4

Is there an efficient approach to discovering what is extraneous ("dead" or "unused") code in OpenSCAD to promote the learning process?

I am making progress by using working examples of code; however, some contain code with lots of modules and "test cases" (like gear generators) that aren't always used or referenced. These are great utilities but in trying to simplify the file to do only a small part of what is possible (usually by commenting out what I think are unused lines of code) things (to me) get very unpredictable. Reviewing the "AST Dump" has helped some but I'm hoping there is a more practical approach to isolating only the bare essential code.

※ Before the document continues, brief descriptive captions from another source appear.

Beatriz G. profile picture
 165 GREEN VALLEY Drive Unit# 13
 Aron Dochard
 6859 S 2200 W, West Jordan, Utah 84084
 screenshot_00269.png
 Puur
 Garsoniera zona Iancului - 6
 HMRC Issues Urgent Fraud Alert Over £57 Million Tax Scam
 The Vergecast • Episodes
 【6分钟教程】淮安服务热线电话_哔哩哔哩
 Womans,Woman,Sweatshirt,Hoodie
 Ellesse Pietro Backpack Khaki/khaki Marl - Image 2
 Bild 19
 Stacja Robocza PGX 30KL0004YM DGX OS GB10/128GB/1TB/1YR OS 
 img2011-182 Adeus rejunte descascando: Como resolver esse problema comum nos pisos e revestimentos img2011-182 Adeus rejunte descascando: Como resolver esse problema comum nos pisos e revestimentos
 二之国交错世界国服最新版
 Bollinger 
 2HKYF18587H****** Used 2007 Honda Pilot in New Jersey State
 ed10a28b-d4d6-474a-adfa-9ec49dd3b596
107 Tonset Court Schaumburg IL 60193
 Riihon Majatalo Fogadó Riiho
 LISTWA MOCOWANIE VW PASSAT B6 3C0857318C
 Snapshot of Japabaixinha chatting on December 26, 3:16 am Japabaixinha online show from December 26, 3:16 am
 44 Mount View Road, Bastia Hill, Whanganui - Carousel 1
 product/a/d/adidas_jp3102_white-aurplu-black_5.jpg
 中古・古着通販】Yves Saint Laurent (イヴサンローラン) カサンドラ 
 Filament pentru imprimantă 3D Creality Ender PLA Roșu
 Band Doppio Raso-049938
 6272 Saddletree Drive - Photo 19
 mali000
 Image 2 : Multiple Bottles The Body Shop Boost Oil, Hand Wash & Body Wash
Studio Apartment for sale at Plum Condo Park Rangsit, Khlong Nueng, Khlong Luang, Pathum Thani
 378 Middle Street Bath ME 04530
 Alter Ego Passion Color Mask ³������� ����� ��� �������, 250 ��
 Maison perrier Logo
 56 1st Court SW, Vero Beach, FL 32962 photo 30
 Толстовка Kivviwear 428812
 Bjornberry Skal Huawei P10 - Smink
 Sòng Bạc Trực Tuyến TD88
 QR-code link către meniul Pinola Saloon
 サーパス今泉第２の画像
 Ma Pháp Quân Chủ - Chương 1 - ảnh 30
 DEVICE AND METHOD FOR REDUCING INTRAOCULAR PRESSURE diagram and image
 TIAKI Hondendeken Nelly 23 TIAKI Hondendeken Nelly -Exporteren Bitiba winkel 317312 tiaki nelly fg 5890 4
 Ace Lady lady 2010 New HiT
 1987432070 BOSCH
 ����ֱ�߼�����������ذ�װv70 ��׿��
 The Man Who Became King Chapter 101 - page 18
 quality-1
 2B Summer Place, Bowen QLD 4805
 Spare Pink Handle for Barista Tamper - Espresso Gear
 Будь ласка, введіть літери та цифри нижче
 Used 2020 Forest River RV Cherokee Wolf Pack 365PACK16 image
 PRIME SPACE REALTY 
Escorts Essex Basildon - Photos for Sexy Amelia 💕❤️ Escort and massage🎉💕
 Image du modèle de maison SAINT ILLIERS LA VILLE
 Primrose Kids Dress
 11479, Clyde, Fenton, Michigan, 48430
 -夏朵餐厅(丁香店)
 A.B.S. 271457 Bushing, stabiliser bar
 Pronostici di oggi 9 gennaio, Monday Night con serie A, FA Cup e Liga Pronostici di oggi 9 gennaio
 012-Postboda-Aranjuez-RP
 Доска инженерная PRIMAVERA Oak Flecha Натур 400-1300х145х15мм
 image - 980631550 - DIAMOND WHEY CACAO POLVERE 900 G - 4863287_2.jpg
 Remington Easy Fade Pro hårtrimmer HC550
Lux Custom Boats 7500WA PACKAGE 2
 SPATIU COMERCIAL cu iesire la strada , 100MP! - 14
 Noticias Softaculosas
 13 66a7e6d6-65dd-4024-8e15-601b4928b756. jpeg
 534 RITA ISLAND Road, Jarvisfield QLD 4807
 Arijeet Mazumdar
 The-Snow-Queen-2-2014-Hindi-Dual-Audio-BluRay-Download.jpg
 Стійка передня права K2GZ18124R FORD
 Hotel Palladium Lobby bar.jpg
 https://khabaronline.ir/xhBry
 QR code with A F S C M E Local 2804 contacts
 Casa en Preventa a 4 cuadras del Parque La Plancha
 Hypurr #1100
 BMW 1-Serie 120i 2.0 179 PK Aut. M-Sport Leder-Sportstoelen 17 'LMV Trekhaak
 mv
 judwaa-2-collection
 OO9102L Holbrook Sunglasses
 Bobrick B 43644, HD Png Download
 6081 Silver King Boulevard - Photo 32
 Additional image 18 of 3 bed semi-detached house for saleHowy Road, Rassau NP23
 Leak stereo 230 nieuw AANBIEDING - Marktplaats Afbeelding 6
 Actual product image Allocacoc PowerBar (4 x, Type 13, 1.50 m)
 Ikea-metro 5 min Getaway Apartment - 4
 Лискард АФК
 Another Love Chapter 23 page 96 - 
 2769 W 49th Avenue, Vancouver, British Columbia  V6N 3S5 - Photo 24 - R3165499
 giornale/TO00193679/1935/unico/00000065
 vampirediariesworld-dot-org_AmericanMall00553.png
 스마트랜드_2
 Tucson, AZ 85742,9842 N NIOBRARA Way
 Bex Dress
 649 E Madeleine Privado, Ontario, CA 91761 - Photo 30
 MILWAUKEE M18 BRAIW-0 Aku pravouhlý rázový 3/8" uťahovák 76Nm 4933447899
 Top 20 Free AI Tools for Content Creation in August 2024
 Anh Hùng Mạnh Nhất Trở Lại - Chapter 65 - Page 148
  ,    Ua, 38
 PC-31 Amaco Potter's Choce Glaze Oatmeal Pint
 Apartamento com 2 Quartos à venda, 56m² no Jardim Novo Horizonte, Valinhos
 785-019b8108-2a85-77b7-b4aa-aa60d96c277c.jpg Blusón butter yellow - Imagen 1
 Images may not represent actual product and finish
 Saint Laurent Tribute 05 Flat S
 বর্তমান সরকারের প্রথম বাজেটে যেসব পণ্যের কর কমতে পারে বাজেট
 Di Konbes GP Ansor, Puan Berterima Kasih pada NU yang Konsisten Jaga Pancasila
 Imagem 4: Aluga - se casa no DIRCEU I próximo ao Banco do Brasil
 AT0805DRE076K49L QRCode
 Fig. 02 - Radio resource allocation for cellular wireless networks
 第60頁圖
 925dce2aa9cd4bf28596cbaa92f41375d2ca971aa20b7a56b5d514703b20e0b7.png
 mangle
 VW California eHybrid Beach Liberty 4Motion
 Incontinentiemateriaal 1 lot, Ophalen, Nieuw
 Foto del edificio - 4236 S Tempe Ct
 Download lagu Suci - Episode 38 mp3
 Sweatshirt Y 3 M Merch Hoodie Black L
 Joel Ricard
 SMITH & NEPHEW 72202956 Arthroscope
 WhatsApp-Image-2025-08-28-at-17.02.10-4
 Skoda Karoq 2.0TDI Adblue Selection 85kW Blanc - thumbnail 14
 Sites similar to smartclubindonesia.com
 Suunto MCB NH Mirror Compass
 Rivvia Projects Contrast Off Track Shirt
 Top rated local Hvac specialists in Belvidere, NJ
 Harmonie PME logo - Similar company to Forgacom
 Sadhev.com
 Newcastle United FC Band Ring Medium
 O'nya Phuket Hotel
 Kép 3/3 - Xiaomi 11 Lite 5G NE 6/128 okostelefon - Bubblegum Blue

  • This is a totally useless answer from a practical standpoint, but [it is impossible](https://en.wikipedia.org/wiki/Rice%27s_theorem) to determine whether code is unused or not. – Tom van der Zanden Aug 29 '19 at 20:06
  • @TomvanderZanden: [it is impossible](https://en.wikipedia.org/wiki/Dead_code_elimination) only in theory (i.e. for all possible algorithms, or whatever). One approach might be to start from an empty file and copy the bits you want, and then add more in response to errors. – Tomas By Aug 29 '19 at 20:39
  • Thanks, Tomas. With the more complex files I've encountered that have modules that references other modules and uses variable 'declared' in hidden parts of the lengthy code, it is more practical to start by commenting out suspected "extraneous" code. I was hoping there is a more efficient way of doing this - besides commenting out section by section to see what happens to the model. Though I can appreciate why it could be said to be impossible, I respectfully disagree entirely with that assessment. "Impractical"? Maybe, but that depends on each example. NOT impossible! – JoeVanGeaux Aug 29 '19 at 20:57
  • @TomvanderZanden: Rice's Theorem has nothing to do with whether code is used, just whether it's reached during execution. In most languages, for the program to be valid and identifier that's referenced must have a definition somewhere in the source regardless of whether it will be reached at runtime, so "used" is purely a static property amenable to trivial static analysis. – R.. GitHub STOP HELPING ICE Aug 30 '19 at 01:36
  • 1
    @R.. The question asked about "extraneous (dead or unused)" code. I interpreted that more broadly, to include unreachable code (which is commonly called "dead code"). – Tom van der Zanden Aug 30 '19 at 05:49
  • @TomvanderZanden: I suppose that's a valid interpretation, but removing unused code in that sense requires invasive changes to the source that would probably be undesirable. In any case, Rice's Theorem still doesn't apply to a particular model, although it may apply to a parametrized one, since with a fixed input for which the program (presumably) terminates reachability is computable just by tracing. – R.. GitHub STOP HELPING ICE Aug 30 '19 at 13:10
  • @R, @TomvanderZanden, thanks. I attempted to avoid semantics I thought would misrepresent my original pursuit. Take, for example, a case where an "If" statement results in bypassing a large part of code, then that code is effectively "dead" or "unused" in the sense that I can 'comment out' that code and effectively streamline that code for easier reading. This would be useful if I never really intend to take take any optional path like if I were always only generating one type of object (in my case, a simple involute gear or if I wanted -but I don't- a complex series of reduction gears). – JoeVanGeaux Aug 31 '19 at 04:01
  • Are you considering only the parts executed, or also the parts that contribute to the object? Consider code that creates some geometry, and the unions it with a solid cube that contains that geometry. The first code now contributes no geometric complexity. Is it "used"? It could be simplified or removed. – cmm Sep 12 '19 at 11:12

1 Answers1

1

I have written compilers and optimizers, as well as optimizers which work on raster operations. I so want to offer you a beautiful solution, but I don't know of one.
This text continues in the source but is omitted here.